__Goal of the exercise__
I would like the records restated word for word, without the pictures.

--- Data in this exercise ---

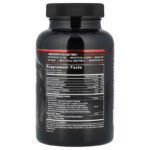 Force Factor Test X180 Booster Male Vitality Daa Aspartic acid Trbiulus Black maca 120 Tablet - Görsel 4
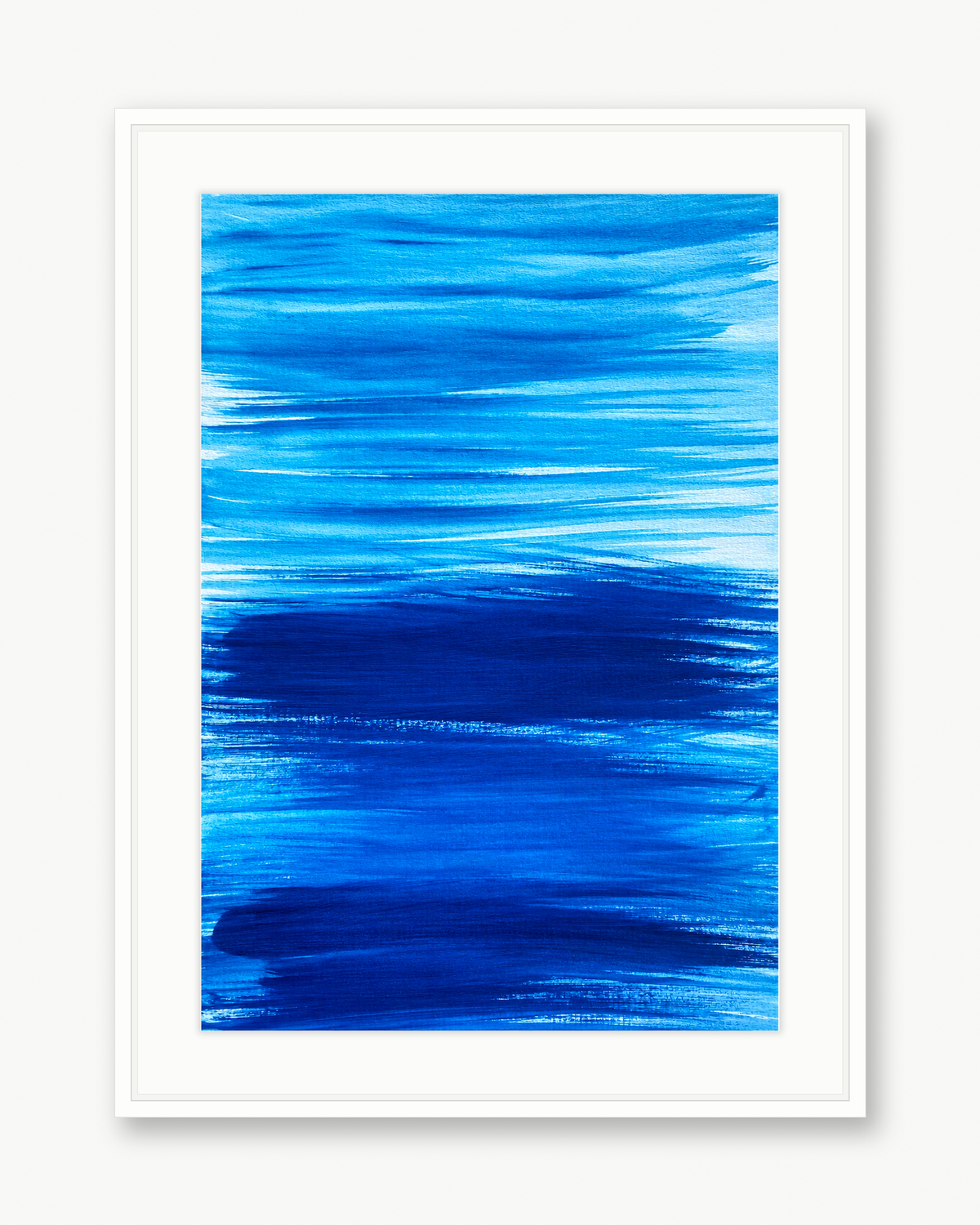 Deep Blue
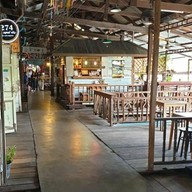 ชุมชนเก่าตลาดหัวตะเข้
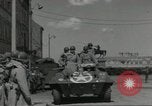 Immagine di Soldati statunitensi Cherbourg Normandia Francia, 1944, secondo 43 filmato di repertorio 65675061283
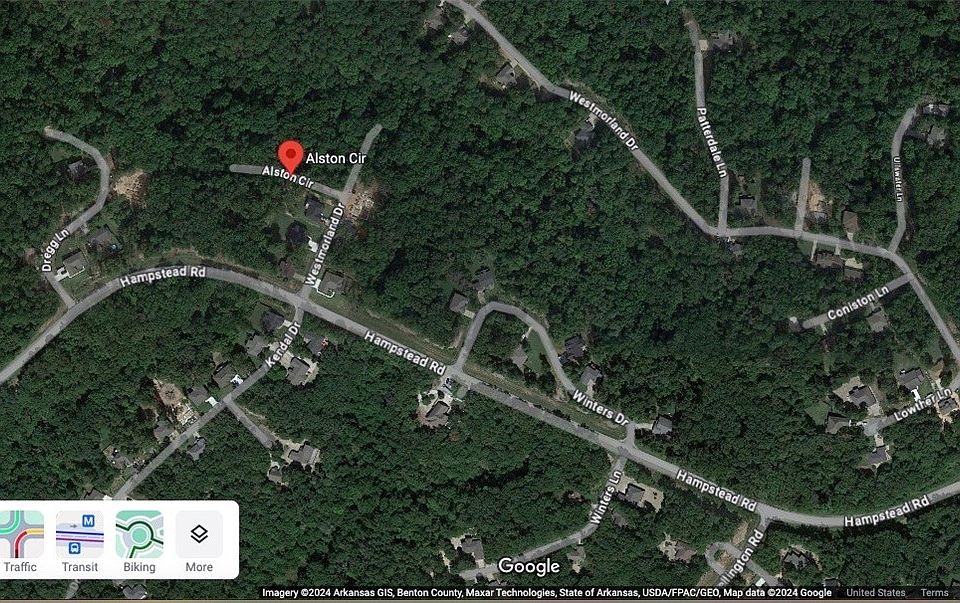 2nd image of 10 Alston Ln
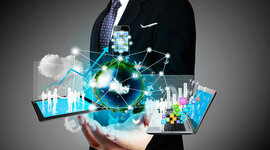 Timeline: Teorías administrativas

---

__Exercise result__
 Force Factor Test X180 Booster Male Vitality Daa Aspartic acid Trbiulus Black maca 120 Tablet - Görsel 4
 Deep Blue
 ชุมชนเก่าตลาดหัวตะเข้
 Immagine di Soldati statunitensi Cherbourg Normandia Francia, 1944, secondo 43 filmato di repertorio 65675061283
 2nd image of 10 Alston Ln
 Timeline: Teorías administrativas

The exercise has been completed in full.